Vitolo-Haddad resigned from a teaching assistant position and as co-president of the Teaching Assistants Association at the public university. Vitolo-Haddad has claimed Cuban, Ethiopian, North African and “Afro-Latinx” lineage at various times, according to Inside Higher Ed.
Vitolo-Haddad is actually white and the family is from the Sicily region of Italy.
This summer, “Vitolo-Haddad described themself as ‘italo habesha,’ meaning of Italian and Eritrean or Ethiopian descent,” according to Inside Higher Ed, using the teaching assistant’s preferred pronouns.
“To my dear friends, loved ones, and organizing comrades,” Vitolo-Haddad began the September 6 post on Medium.
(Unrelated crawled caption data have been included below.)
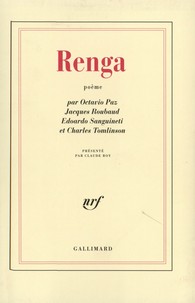 Renga : Roubaud, Paz, Tomlisson, Sanguinetti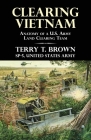 Clearing Vietnam: Anatomy of a U.S. Army Land Clearing Team Cover Image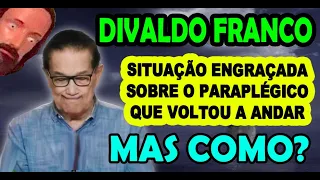 Divaldo Franco Situação Inusitada O Paraplégico que voltou a andar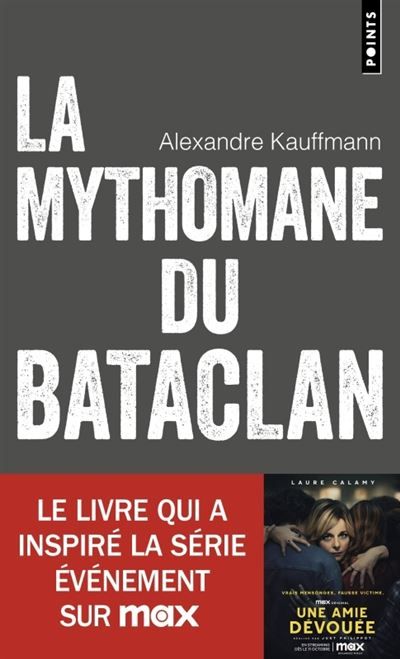 La Mythomane du Bataclan Le livre qui a inspiré la série Une amie dévouée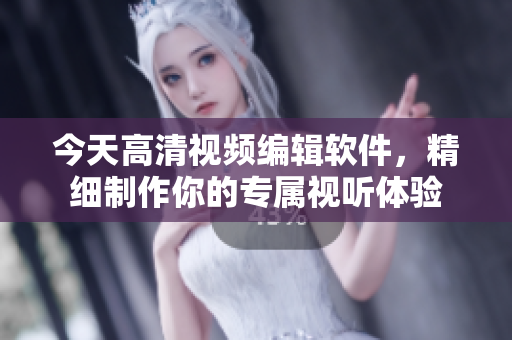 今天高清视频编辑软件，精细制作你的专属视听体验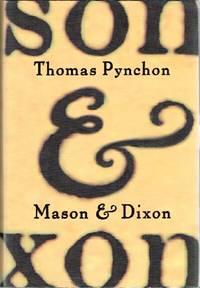 Mason &amp; Dixon by Pynchon, Thomas - 1997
“I am so deeply sorry for the ways you are hurting right now because of me. You have expressed confusion, shock, betrayal, anger, and mistrust. All of those things are a consequence of how I have navigated our relationships and the spaces we share.”
Vitolo-Haddad admitted to taking “some very wrong turns” and said the resulting harm “is a result of my lack of courage, a preference for being vague and contradictory, uncertain and insecure.”
A second apology letter on September 8 goes into more detail but blames the former teaching assistant’s family:
I am Southern Italian/Sicilian. In trying to make sense of my experiences with race, I grossly misstepped and placed myself in positions to be trusted on false premises. I went along with however people saw me. I over-identified with unreliable and unproven family history and latched onto anything I remembered growing up. All of those actions were deeply misguided and have caused an incredible amount of hurt for the Madison community, those I organize with, and everyone who has been exposed to this public reckoning. It was my choice and error to identify any differently.
The teaching assistant apologized for entering “Black organizing spaces.”
“Additionally, I want to apologize for how my failure to own up to these harmful decisions publicly made every conversation on social media about the varied ways I’ve been racialized a source of confusion and deception,” Vitolo-Haddad wrote.
The anonymous author of the accusations is concerned that his post will hurt African-Americans, however:
I made this post for the primary purpose of informing Black communities about CV’s behavior, so that they may make their own decisions about self-protection and whom to allow in their spaces. Frankly, I agree with those who have stated that the disproportionate attention given to white people who commit race fraud pulls focus and energy from the much more important, urgent work, in both scholarship and political organizing, that actual Black folks are doing.